If the transmission rate in Romania increases 50% and recovery rate and disease-related death rate are taken for 30th April, according to reported data, then there will be ∼9000 persons carrying Corona malady and if this rate decreases 50%, then 2364 infected persons will exist in the Romanian community by the end of this year. If we take the previous average maximum weekly recovery rate and disease-related death rate, then there will be ∼5613 and ∼5301, patients, respectively, in Romania. Similarly, by assuming the minimum weekly average recovery and disease-related death rate will result in ∼23812 and ∼5724, respectively. The inhibition effect or precautionary measures also influence in the spreading of pandemic. If the inhibition factor increases up to 50%, then ∼4951 patients will be existing in Romania till the end of this year. This number will exceed to ∼11395, if precautionary measures decrease to 50%. The worst effects of the disease appear in the community, if we remove all the barriers. In such case, this malady may increase by effecting ∼55% of the population till the end of this month. This number will start to decrease after May.

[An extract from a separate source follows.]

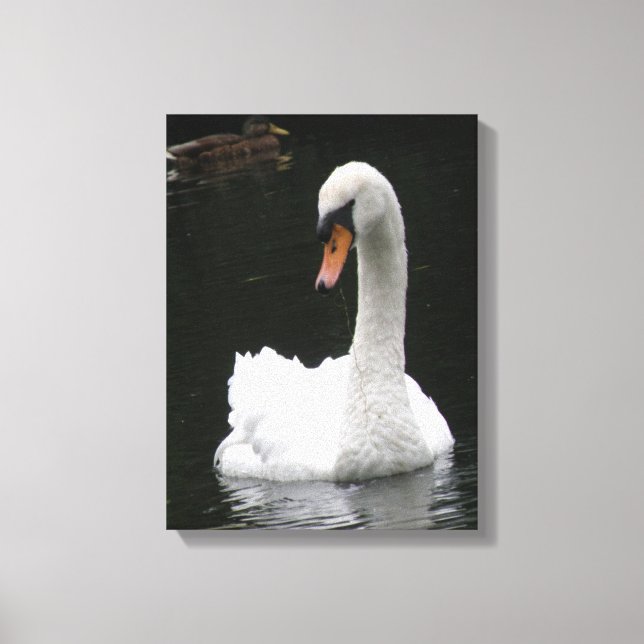 Impressão em Tela Cisne Branco (Frente)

Increase or decrease in the transmission rate will also result in decrease or increase in the number of COVID-19 patients in Pakistan. If the transmission rate increases 50% and the recovery rate and disease-related death rate are taken for 28th April, according to reported data, then there will be ∼28708 persons having corona disease and if this rate decreases 50%, then 4723 infected persons will exist among Pakistanis by the end of this year. If we take the previous average maximum weekly recovery rate and disease-related death rate, then there will be ∼16716 and ∼815 patients, respectively, in Pakistan. Similarly, by assuming the minimum weekly average recovery and disease-related death rate will result in ∼138611 and ∼ 16716, respectively. The inhibition effect or precautionary measures also influence in the spreading of pandemic. If the inhibition factor increases up to 50%, then ∼11149 patients will be existing in Pakistan till the end of this year. This number will exceed to ∼33387, if precautionary measures decrease to 50%. The worst effects of the disease appear in the community, if we remove all the barriers. In such case, this infection may increase by effecting ∼33% of the population till the end of this month. This number will start to decrease after May, 2020.

Although these estimates may vary with the passage of time, it will really help us to observe the most influential factors that cause to increase the epidemic. On the basis of this analysis, competent authorities may design the most effective strategies in order to control the epidemic.